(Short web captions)
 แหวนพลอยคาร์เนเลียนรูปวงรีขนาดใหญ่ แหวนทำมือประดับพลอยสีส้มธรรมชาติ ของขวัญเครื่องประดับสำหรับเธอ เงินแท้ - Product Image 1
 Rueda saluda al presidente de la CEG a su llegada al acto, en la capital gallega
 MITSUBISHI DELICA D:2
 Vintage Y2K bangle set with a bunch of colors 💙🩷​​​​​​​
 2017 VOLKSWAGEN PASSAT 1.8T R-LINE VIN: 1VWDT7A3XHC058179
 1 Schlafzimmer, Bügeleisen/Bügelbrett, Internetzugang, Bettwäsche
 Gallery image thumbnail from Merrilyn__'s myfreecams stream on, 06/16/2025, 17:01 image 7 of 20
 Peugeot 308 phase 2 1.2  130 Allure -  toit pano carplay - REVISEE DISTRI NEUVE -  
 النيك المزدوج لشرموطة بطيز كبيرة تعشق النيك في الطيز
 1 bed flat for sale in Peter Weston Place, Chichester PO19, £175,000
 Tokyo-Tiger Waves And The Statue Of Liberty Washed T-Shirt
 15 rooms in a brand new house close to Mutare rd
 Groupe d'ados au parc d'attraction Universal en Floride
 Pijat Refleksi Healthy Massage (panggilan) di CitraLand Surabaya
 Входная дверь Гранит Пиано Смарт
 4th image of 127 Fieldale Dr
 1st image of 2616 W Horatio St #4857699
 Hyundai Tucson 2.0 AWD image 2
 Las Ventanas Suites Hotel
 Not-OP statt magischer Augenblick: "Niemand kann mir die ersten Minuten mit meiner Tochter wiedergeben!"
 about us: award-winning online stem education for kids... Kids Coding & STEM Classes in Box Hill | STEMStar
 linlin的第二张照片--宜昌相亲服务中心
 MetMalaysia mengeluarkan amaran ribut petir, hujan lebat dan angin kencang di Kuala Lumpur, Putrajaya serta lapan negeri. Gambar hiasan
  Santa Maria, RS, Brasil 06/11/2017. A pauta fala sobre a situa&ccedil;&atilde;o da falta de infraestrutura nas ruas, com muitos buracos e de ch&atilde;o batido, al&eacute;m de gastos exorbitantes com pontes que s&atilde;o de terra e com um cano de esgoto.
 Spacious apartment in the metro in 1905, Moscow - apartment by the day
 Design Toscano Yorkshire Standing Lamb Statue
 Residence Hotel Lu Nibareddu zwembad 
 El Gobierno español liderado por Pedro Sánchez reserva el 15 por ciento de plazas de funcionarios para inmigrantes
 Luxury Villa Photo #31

■ DIRECTIONS
Out of the data above, transcribe exactly and only the lines starting with the line that has "1st image of 2616 W Horatio St #4857699" and going on through the line that has "MetMalaysia mengeluarkan amaran", both included.

■ RESPONSE AREA
 1st image of 2616 W Horatio St #4857699
 Hyundai Tucson 2.0 AWD image 2
 Las Ventanas Suites Hotel
 Not-OP statt magischer Augenblick: "Niemand kann mir die ersten Minuten mit meiner Tochter wiedergeben!"
 about us: award-winning online stem education for kids... Kids Coding & STEM Classes in Box Hill | STEMStar
 linlin的第二张照片--宜昌相亲服务中心
 MetMalaysia mengeluarkan amaran ribut petir, hujan lebat dan angin kencang di Kuala Lumpur, Putrajaya serta lapan negeri. Gambar hiasan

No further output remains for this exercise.